HOW TO COMPLETE THIS TASK
Nothing in the records may change when you print them out again.

INPUT FOR THIS TASK
******************************

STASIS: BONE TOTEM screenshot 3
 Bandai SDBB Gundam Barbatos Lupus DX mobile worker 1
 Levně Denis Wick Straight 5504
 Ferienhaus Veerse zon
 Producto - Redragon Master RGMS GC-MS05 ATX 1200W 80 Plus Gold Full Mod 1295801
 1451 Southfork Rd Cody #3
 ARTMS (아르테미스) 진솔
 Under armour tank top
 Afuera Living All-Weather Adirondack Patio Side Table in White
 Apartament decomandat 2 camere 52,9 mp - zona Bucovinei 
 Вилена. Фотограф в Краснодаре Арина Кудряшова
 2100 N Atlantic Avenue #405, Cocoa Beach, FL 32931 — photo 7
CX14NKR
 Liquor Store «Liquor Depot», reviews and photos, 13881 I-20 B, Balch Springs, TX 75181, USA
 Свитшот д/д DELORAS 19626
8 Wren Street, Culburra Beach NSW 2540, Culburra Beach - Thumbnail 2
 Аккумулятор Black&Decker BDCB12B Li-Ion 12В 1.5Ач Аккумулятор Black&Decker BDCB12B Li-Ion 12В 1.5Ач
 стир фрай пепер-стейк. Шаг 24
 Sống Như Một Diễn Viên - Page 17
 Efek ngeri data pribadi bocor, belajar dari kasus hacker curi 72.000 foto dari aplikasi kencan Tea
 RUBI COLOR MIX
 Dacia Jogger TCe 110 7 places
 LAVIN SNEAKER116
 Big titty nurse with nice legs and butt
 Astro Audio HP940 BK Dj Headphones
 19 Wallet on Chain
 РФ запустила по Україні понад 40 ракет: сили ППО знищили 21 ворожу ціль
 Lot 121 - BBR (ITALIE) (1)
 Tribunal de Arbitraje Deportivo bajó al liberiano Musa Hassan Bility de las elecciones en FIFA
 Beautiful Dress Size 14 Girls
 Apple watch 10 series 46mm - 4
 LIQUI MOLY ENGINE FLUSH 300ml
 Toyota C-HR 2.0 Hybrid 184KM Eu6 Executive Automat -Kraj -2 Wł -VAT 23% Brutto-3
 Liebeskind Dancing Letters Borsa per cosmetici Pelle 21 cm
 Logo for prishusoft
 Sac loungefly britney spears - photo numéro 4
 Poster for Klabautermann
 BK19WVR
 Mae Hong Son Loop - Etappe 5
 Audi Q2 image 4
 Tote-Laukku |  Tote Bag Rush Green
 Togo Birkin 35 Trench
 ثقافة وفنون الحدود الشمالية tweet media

******************************

SOLUTION FOR THIS EXERCISE
STASIS: BONE TOTEM screenshot 3
 Bandai SDBB Gundam Barbatos Lupus DX mobile worker 1
 Levně Denis Wick Straight 5504
 Ferienhaus Veerse zon
 Producto - Redragon Master RGMS GC-MS05 ATX 1200W 80 Plus Gold Full Mod 1295801
 1451 Southfork Rd Cody #3
 ARTMS (아르테미스) 진솔
 Under armour tank top
 Afuera Living All-Weather Adirondack Patio Side Table in White
 Apartament decomandat 2 camere 52,9 mp - zona Bucovinei 
 Вилена. Фотограф в Краснодаре Арина Кудряшова
 2100 N Atlantic Avenue #405, Cocoa Beach, FL 32931 — photo 7
CX14NKR
 Liquor Store «Liquor Depot», reviews and photos, 13881 I-20 B, Balch Springs, TX 75181, USA
 Свитшот д/д DELORAS 19626
8 Wren Street, Culburra Beach NSW 2540, Culburra Beach - Thumbnail 2
 Аккумулятор Black&Decker BDCB12B Li-Ion 12В 1.5Ач Аккумулятор Black&Decker BDCB12B Li-Ion 12В 1.5Ач
 стир фрай пепер-стейк. Шаг 24
 Sống Như Một Diễn Viên - Page 17
 Efek ngeri data pribadi bocor, belajar dari kasus hacker curi 72.000 foto dari aplikasi kencan Tea
 RUBI COLOR MIX
 Dacia Jogger TCe 110 7 places
 LAVIN SNEAKER116
 Big titty nurse with nice legs and butt
 Astro Audio HP940 BK Dj Headphones
 19 Wallet on Chain
 РФ запустила по Україні понад 40 ракет: сили ППО знищили 21 ворожу ціль
 Lot 121 - BBR (ITALIE) (1)
 Tribunal de Arbitraje Deportivo bajó al liberiano Musa Hassan Bility de las elecciones en FIFA
 Beautiful Dress Size 14 Girls
 Apple watch 10 series 46mm - 4
 LIQUI MOLY ENGINE FLUSH 300ml
 Toyota C-HR 2.0 Hybrid 184KM Eu6 Executive Automat -Kraj -2 Wł -VAT 23% Brutto-3
 Liebeskind Dancing Letters Borsa per cosmetici Pelle 21 cm
 Logo for prishusoft
 Sac loungefly britney spears - photo numéro 4
 Poster for Klabautermann
 BK19WVR
 Mae Hong Son Loop - Etappe 5
 Audi Q2 image 4
 Tote-Laukku |  Tote Bag Rush Green
 Togo Birkin 35 Trench
 ثقافة وفنون الحدود الشمالية tweet media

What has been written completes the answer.